*Exercise description:*
Nothing outside the range is to be copied. From the entries below, reproduce exactly the lines starting at the one with "Photo #6 3-room" and ending at the one with "Handbag Designer By", without pictures.

*Provided entries:*
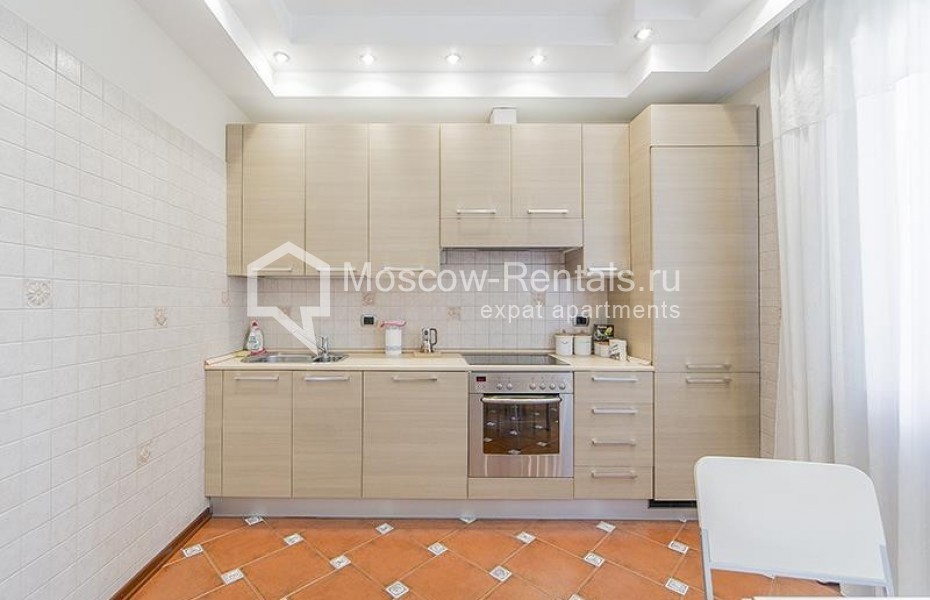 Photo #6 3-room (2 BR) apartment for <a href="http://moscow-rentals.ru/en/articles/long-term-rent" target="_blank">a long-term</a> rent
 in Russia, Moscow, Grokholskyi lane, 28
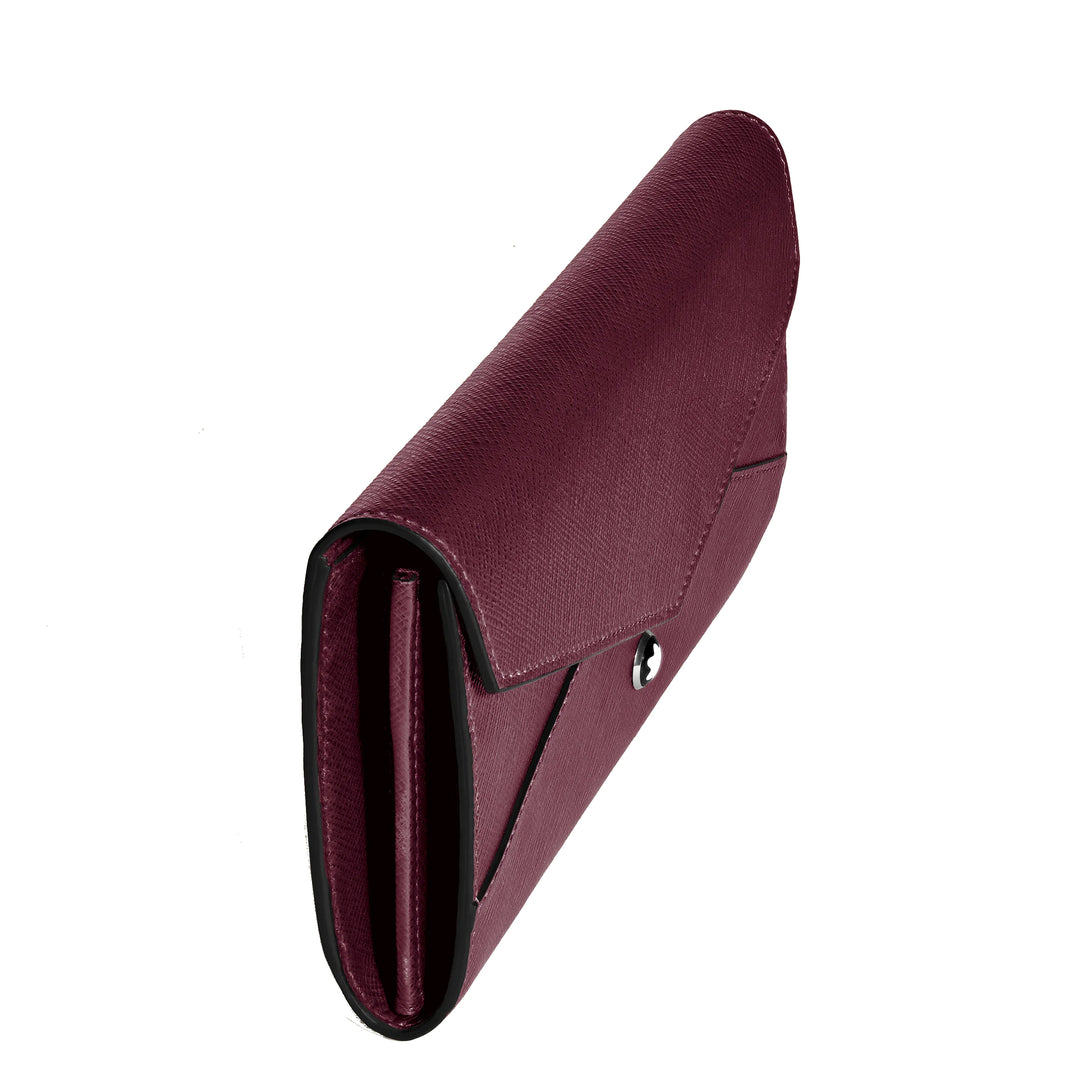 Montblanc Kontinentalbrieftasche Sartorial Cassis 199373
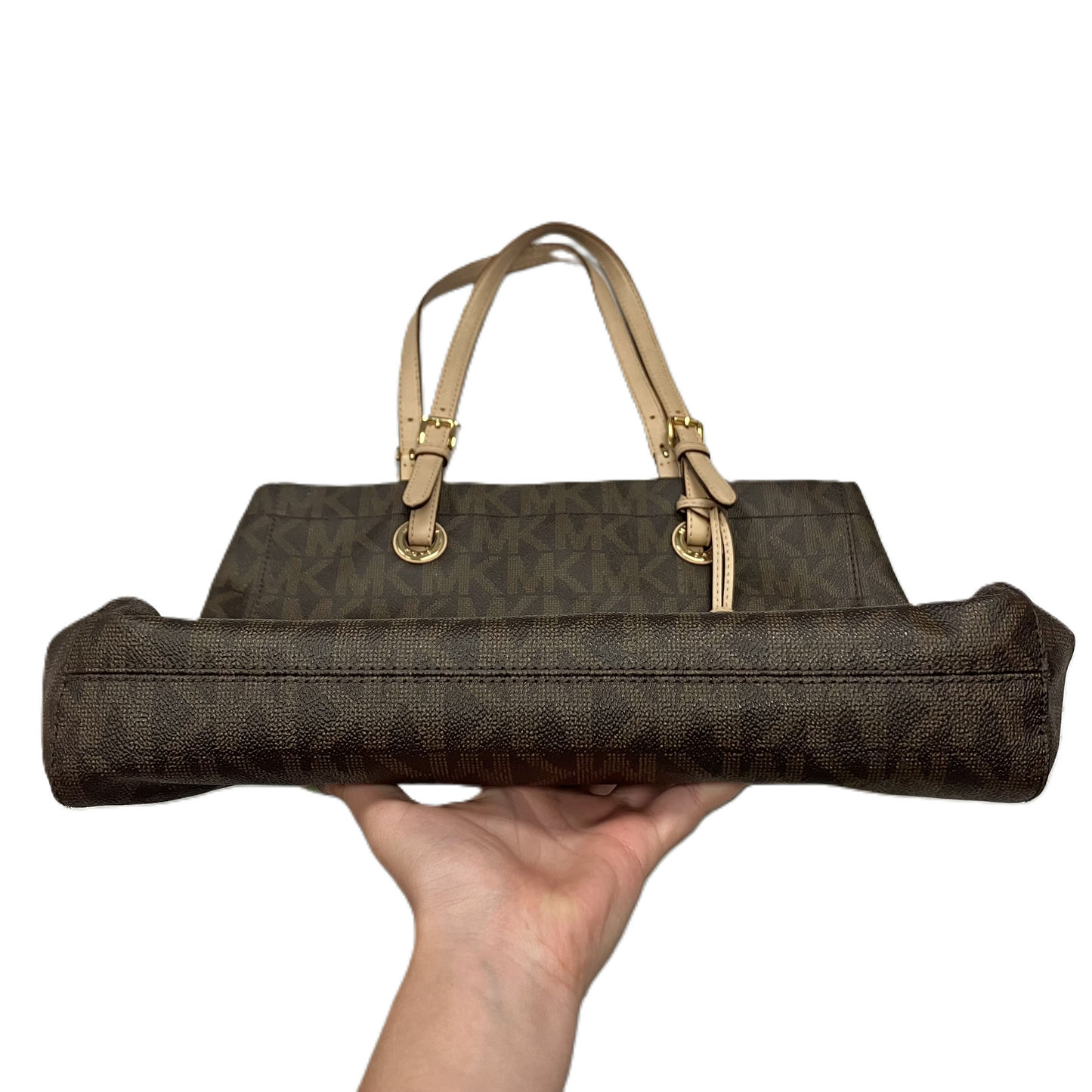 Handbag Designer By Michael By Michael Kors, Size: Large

---

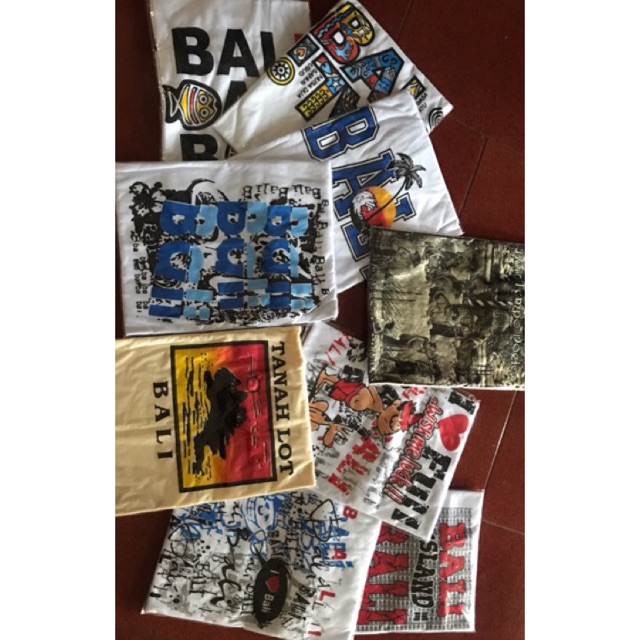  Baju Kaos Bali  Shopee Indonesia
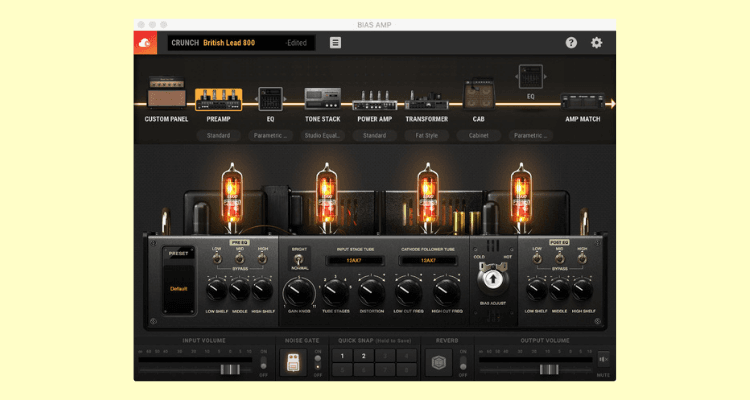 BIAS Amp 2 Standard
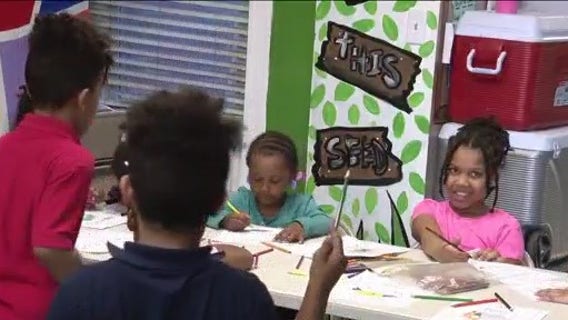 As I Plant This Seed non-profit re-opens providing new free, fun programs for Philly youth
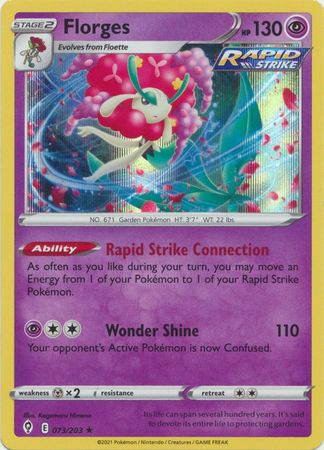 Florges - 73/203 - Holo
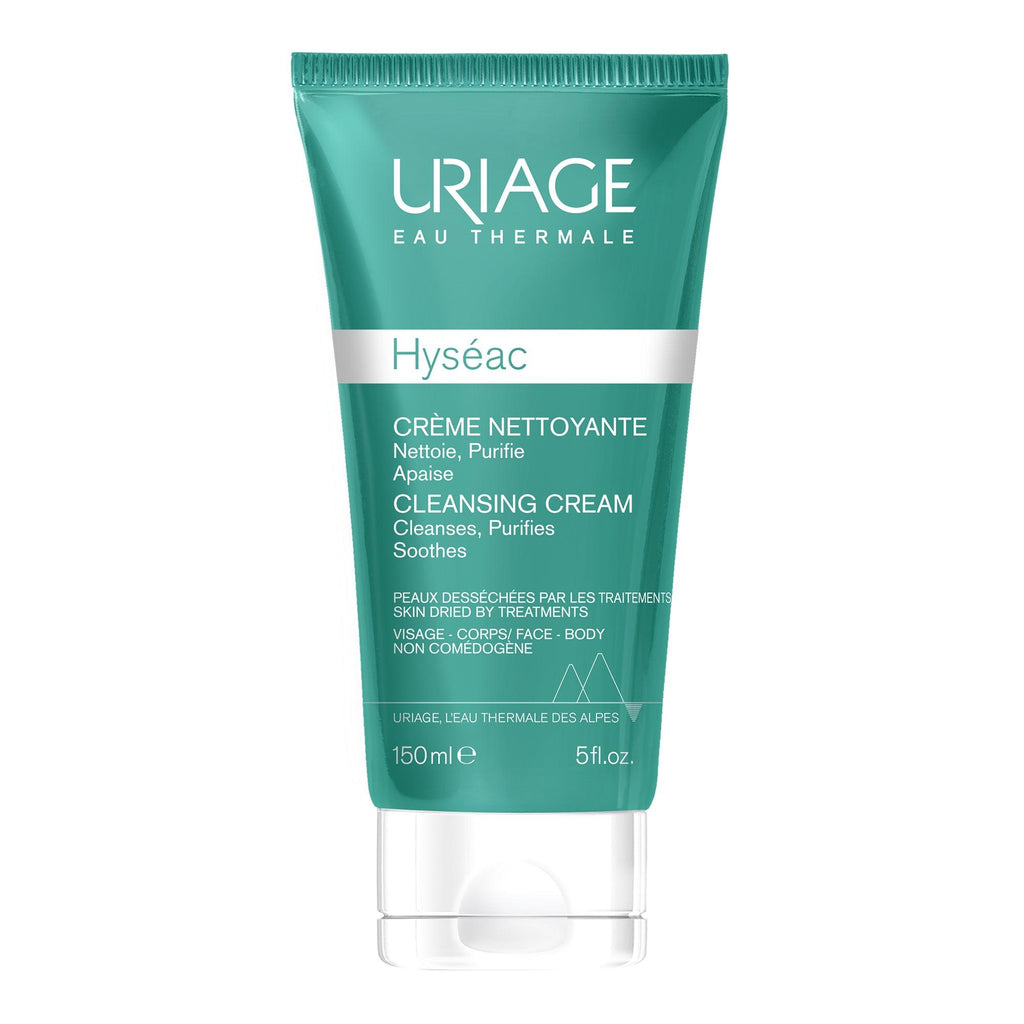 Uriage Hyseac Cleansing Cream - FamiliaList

*Solution for this problem:*
 Photo #6 3-room (2 BR) apartment for <a href="http://moscow-rentals.ru/en/articles/long-term-rent" target="_blank">a long-term</a> rent
 in Russia, Moscow, Grokholskyi lane, 28
 Montblanc Kontinentalbrieftasche Sartorial Cassis 199373
 Handbag Designer By Michael By Michael Kors, Size: Large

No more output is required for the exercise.